Robert Caplin for The New York Times

The facade at 1001 Fifth Avenue is propped up by exposed support beams, giving it the appearance of a billboard.

The architecture critic Ada Louise Huxtable died last week at the age of 91, with a Pulitzer Prize and many decades of lively reviews for The New York Times and The Wall Street Journal behind her. She wrote about libraries and skyscrapers, art museums and corporate headquarters, and this being New York, she also did battle over the city's twinkling residential buildings. And not every apartment house was to her liking.

The building at 800 Fifth Avenue has a false front that looks odd from any angle besides straight on.

"The result is a pitiful compendium of watered-down mannerisms that are supposed to maintain the integrity of the avenue," she wrote of a building on Fifth Avenue, "but speak more clearly of the inflation of costs and the impoverishment of crafts in our time."

"It does not help," she continued of a building nearby, "that the moldings look like sliced-off Tootsie Rolls."

These two descriptions came from the same article, "The 'Pathetic Fallacy,' or Wishful Thinking at Work," published in The Times in February 1979. In it, Ms. Huxtable appraised two buildings on Fifth Avenue that were new at the time, 800 Fifth Avenue and 1001 Fifth Avenue, and she found them both to be pretty dreadful.

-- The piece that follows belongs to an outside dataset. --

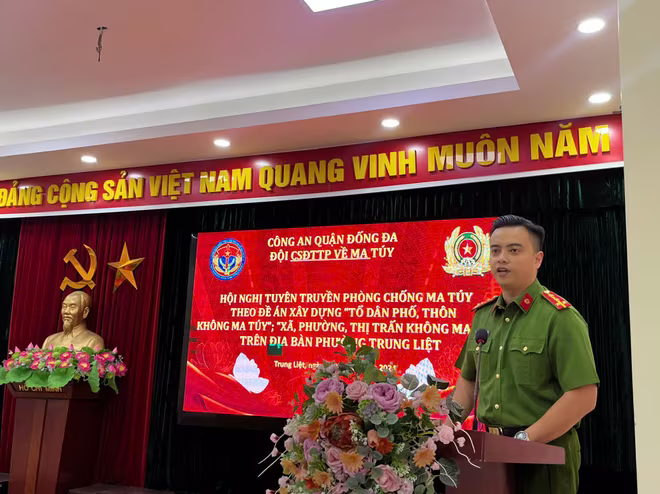 Đại úy Nguyễn Duy Tuấn Minh - Đội trưởng Đội Cảnh sát điều tra tội phạm về ma túy Công an quận Đống Đa phát biểu tại hội nghị Đại úy Nguyễn Duy Tuấn Minh - Đội trưởng Đội Cảnh sát điều tra tội phạm về ma túy Công an quận Đống Đa phát biểu tại hội nghị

Both towered above their older, more dignified neighbors, while making unconvincing references to prewar materials and details, Ms. Huxtable said, like a smarmy tip of the hat. Thirty years later, it appears that both buildings have aged much as her criticism suggested they would. They might be moneymakers, but they are still, it is generally agreed, awful to look at.

"You can see why she was so upset," Jorge Otero-Pailos, an associate professor at Columbia University's Graduate School of Architecture, said of 800 Fifth Avenue. "All you have to do is look at the building."

Take 1001 Fifth Avenue — a 23-story building with a facade designed by Johnson/Burgee, firm of the famed architect Philip Johnson — which stands opposite the Metropolitan Museum of Art. Solid lines of black bay windows stretch along its length, dark gashes slicing through its limestone facade. (It is on this facade that Ms. Huxtable's Tootsie Roll moldings reside.)

Perhaps the most unusual element is at the top, where the limestone facade extends beyond the roof for an additional story or so, just a lonely slab visibly propped up from behind, which lends it the look of a budget movie set, or perhaps a toupee.

"This sort of thing does not age well," said Peter Pennoyer, of Peter Pennoyer Architects.

Apparently, buyers agree. Compared with most of the universe, the prices found at 1001 Fifth Avenue are frighteningly expensive. But compared with its Fifth Avenue neighbors, mostly prewar co-ops on one of the most extravagant stretches of the city, 1001 Fifth has not appreciated especially well.

According to Jonathan Miller, president of the Miller Samuel appraisal firm, the average sale price last year for a one-bedroom apartment on Fifth Avenue between 77th and 86th Streets was $3.56 million, while the average three-bedroom sold for $6.375 million.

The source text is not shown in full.